By Hudson Gumbihi | July 27th 2021

Poaching and game hunting are two sides of the same coin. When privileged individuals kill wildlife, it is considered game hunting but not poaching as attributed to disadvantaged people.

The reality however is, poaching in Africa was normalised by Europeans who prided themselves as professional hunters while exterminating thousands of animals in the name of seeking pleasure.

Africans only hunted small animals like rodents, squirrels, rabbits and antelopes for food; a practice that was later criminalised. On the other hand, Europeans killed elephants, giraffes, rhinos and buffalos just for fun.

White settlers in Kenya carved for themselves hunting blocks in game reserves where they had unrestricted access unlike Africans whose presence in search of mere terminates and birds to eat, was deemed illegal.

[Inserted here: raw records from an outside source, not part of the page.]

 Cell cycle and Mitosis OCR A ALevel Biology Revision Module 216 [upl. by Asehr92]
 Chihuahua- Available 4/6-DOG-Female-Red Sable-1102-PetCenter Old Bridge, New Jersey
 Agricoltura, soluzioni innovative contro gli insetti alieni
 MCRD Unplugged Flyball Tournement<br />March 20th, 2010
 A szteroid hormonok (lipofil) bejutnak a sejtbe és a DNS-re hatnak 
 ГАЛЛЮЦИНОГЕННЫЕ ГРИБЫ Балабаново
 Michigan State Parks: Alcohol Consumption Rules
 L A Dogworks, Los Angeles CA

And just like that, poaching, an old-time vice that refuses to die was entrenched in Kenya where meat and trophy merchants have turned into a profitable venture.

It remains debatable whether JA Hunter was a game hunter or poacher. But what is certain is the Kenyan born Scottish had killed about 1,400 animals in his lifetime.

Across the border, Hunter earned a living in Uganda where he was hired to kill lions for uninterrupted construction of Uganda railway.

During his time, elephant hunting in Kenya was a sport for the aristocracy with the bull being the most sought after animal. The hunters preferred aiming at the brain than heart.

Between 1944 and 1946, Hunter is said to have killed more than 1,000 rhinoceros in a misguided campaign to clear fauna in parts of Makueni for human settlement.

Pitiful at it sounds, many hunters were indiscriminate in their choice of elephants to kill. They had no respect for the young, old and female elephants.

Government put breaks on this activity in 1977 when Tourism and Wildlife minister Mathew Ogutu banned hunting to the disappointed of hunters who forewarned an increase in poaching.

The prophesy came to pass. Bush meat is a constant menu on dining tables in Kenya with the latest case being the arraignment in court of three men found selling Zebra meat at Burma market.